Now on today's committee of adjustment agenda as we move west along Teston Rd there are two properties requesting delisting as heritage status one a log cabin at 3911 Teston Rd quoted from the July 20/2022 staff report: "Today, the site consists of a pile of debris where the log building once stood."
https://pub-vaughan.escribemeetings.com/filestream.ashx?DocumentId=1157…

No explanation as how it came to be a pile of debris. Nor the timing of the applications attachments to the Heritage Committee, there is demolition request from 2019 and a request from the landowners consultant to delist the property b/c there is no structures left that are of cultural significance. Then there is the delisting for 3180 Teston Rd also destroyed in a fire with the consultant landowners request (https://pub-vaughan.escribemeetings.com/filestream.ashx?DocumentId=1157…) that it be delisted. The staff report on today's agenda provides a link to the Heritage Committee report due to the size of the attachments rather than listing them as attachments. Suggesting they are too large to attach does not seem plausable given that there are no issues attaching documents that are master plans and 100s of pages long. Again transparency is lacking here too, intentional or not.

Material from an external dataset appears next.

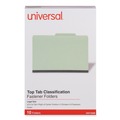 File Folders | Universal UNV10296 3-Divider 8-Section Legal Size Pressboard Classification Folders - Green (10/Box) image number 0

Was there any due diligence done on behalf of Vaughan staff to protect or investigate why 3 properties on the same block, under intense development pressure, identified for protection under Ontario's Heritage Act have either caught fire or become a pile of debris? It seems highly coincidental.

All you have to promote Vaughan's heritage is to point people to the archives as was done in Councillor newsletters and City social media statements recently.

Vaughan Planning staff insult residents and provincial planning and environmental legislation when they continually parrot that any and all development applications are "consistent with the Provincial Policy Statement" when they clearly are not; it is a slow, relentless push to destroy what little cultural and natural heritage remains in Vaughan. By the time developments are complete they look nothing like what was in approved Official Plans, Secondary Plans or what the public was actually consulted upon for approval.

I understand there is relentless pressure for development and limited resources but that does not excuse ignoring issues of compliance and enforcement. The only way these issues can be addressed is if they are identified, recognized and brought to light. To not do so makes Council and Vaughan staff culpable and perpetuates what can only be described as a 'culture of complacency".